Later in life, he’d be forced out of his own company for these “liberal management policies” – practices many of us have come to consider the bare minimum for a healthy workplace today.

The Filene's and Filene's Basement store in Boston was so stately.

Image Source: Filene’s Basement

3. Get away from the grind. It was on a trip abroad that Filene first found the spark of inspiration that would lead to the American credit union movement. In 1907, he traveled to rural India, where he was introduced to agricultural cooperative banks established there by the British colonial government.

The system worked like this: a group of villagers deposited their savings into the bank. The colonial government matched this amount, then made a loan to the village that was distributed among the bank’s members. 

Filene kept the idea in his back pocket as he traveled home, mulling over the ways that a similar structure could help working people in America.

4. Dream big, even when it seems improbable. Filene collaborated with Canadian banker Alphonse Dejardins and banking commissioner Pierre Jay to pass credit union legislation and launch the Massachusetts Credit Union in 1914. Filene traveled the country with his colleagues, talking with legislators, community organizations and workers to garner support for the growth of credit unions across America.

Thanks in large part to Filene’s relentless advocacy and support over the next two decades, the number of credit unions in the United States would rise from 199 in 1921 to 1,100 in 1930.

5. Keep fighting for the future, even if you may not be around to see it. Even in old age, Filene advocated passionately for causes he cared about. He wrote and spoke prolifically on workers’ rights, and funded anti-propaganda initiatives as fascism loomed in Europe. 

In the United States, he continued championing credit unions as a solution to the increasing inequality he feared may result from mass production. He never married — one historian mused it might be why “his family in a very real sense became society as a whole.”
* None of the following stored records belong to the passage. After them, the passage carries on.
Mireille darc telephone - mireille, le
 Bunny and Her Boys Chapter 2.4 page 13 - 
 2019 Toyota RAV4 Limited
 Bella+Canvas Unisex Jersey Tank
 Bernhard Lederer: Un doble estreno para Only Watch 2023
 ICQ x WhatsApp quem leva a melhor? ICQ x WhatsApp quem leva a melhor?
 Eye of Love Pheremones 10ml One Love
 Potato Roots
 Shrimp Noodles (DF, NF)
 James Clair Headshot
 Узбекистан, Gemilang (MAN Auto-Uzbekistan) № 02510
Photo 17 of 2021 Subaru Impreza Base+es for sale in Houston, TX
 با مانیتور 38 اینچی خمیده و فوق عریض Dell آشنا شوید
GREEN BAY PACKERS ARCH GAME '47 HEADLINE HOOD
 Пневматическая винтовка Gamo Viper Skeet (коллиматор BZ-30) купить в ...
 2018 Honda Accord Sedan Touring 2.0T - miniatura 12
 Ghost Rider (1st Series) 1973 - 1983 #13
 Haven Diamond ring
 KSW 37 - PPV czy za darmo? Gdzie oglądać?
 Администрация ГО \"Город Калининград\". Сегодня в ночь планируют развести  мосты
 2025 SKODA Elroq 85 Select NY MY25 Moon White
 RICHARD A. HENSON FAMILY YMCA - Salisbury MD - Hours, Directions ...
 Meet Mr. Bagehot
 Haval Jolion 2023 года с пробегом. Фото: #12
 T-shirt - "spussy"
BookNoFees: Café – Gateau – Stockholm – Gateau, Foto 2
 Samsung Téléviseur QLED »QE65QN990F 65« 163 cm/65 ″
Image Source: The Century Foundation

When he died on a trip to Paris in 1937, Filene was mourned by friend Franklin D. Roosevelt as “a prophet who perceived the true meaning of these times.” His legacy lives on today in the thousands of credit unions across the U.S. that advocate for their members and work to ensure that every American has the opportunity to build a secure, successful financial life.

Personally, I just think it’s pretty cool that Filene never let anyone’s opinion, criticism or conception of “reality” deter him from what he believed to be right. In an age where we’re bombarded with information and opinions at every angle, I think we could use that sort of strong inner compass. 

The mustache and fedora may be hard to pull off though.